Working with DataFrames
Overview
Teaching: 30 min
Exercises: 25 minQuestions
How can I do statistical analysis of tabular data?
Objectives
Import the Pandas library.
Use Pandas to load a simple CSV data set.
Select individual values from a Pandas dataframe.
Select entire rows or entire columns from a dataframe.
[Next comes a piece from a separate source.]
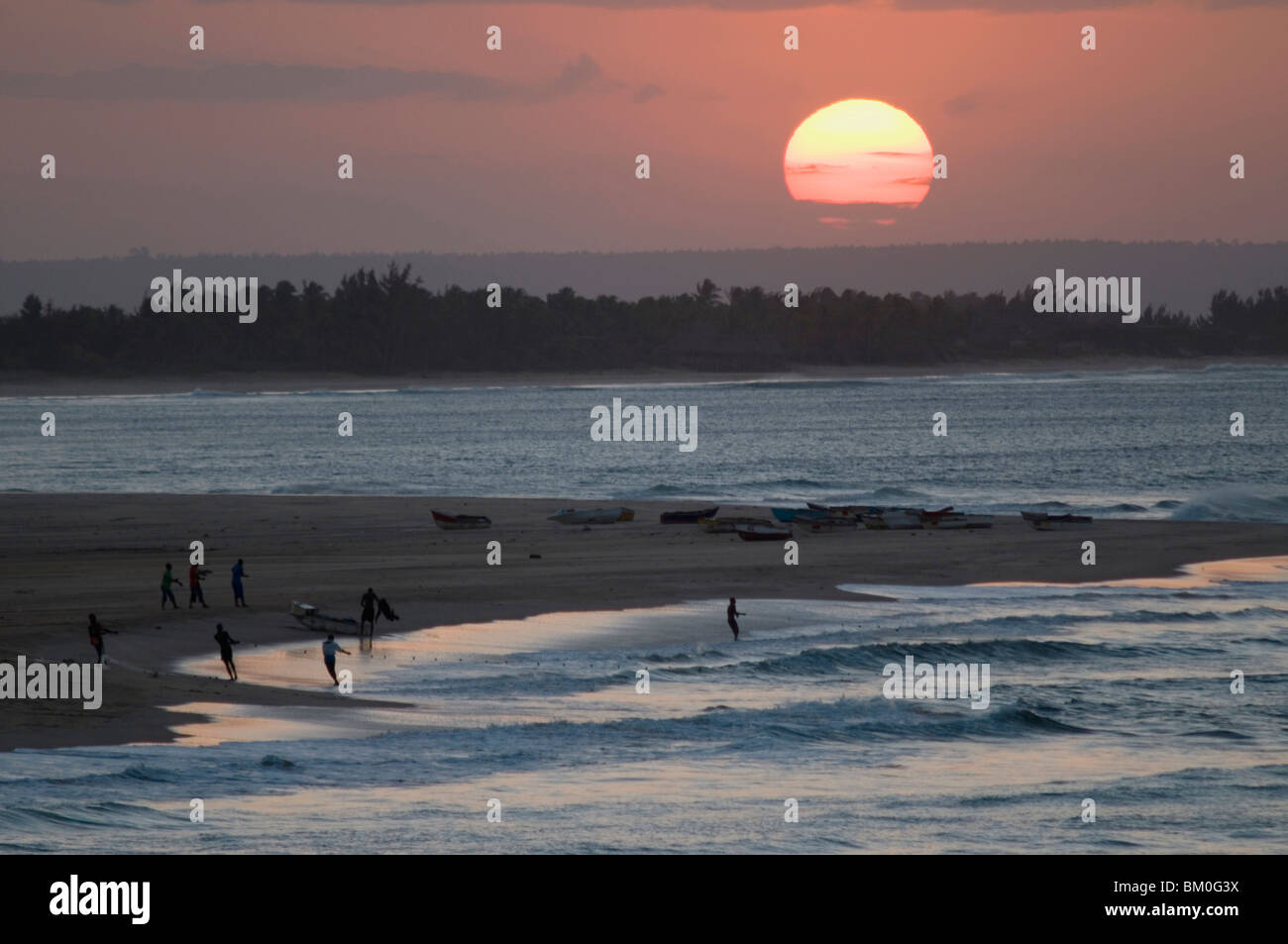 Fishermen pulling in net from shore at sunset, Barra, Inhambane Province, Mozambique Stock Photo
Select a subset of rows and columns from a dataframe
Analyzing Tabular Data With Pandas
Pandas is a widely-used Python library for statistics, particularly on tabular data. If you’re familiar with R, you’ll notice many similarities, since Pandas follows the same patterns. The star of the Pandas library is the DataFrame type. A DataFrame represents a 2-dimensional table with named columns and rows. A big advantage of DataFrames over numpy array is that a DataFrame can have have different data types for each column. On top of that, Pandas DataFrames provide a lot of extra functionality to make manipulating and working with your data easier.
import pandas
data = pandas.read_csv('data/gapminder_gdp_oceania.csv')
print(data)
country gdpPercap_1952 gdpPercap_1957 gdpPercap_1962 \
0 Australia 10039.59564 10949.64959 12217.22686
1 New Zealand 10556.57566 12247.39532 13175.67800
gdpPercap_1967 gdpPercap_1972 gdpPercap_1977 gdpPercap_1982 \
0 14526.12465 16788.62948 18334.19751 19477.00928
1 14463.91893 16046.03728 16233.71770 17632.41040
gdpPercap_1987 gdpPercap_1992 gdpPercap_1997 gdpPercap_2002 \
0 21888.88903 23424.76683 26997.93657 30687.75473
1 19007.19129 18363.32494 21050.41377 23189.80135
gdpPercap_2007
0 34435.36744
1 25185.00911
Here we use the read_csv function to read in a file from our data directory. If we print our DataFrame we can see that the columns in a DataFrame contain the observed variables, and the rows contain the observations.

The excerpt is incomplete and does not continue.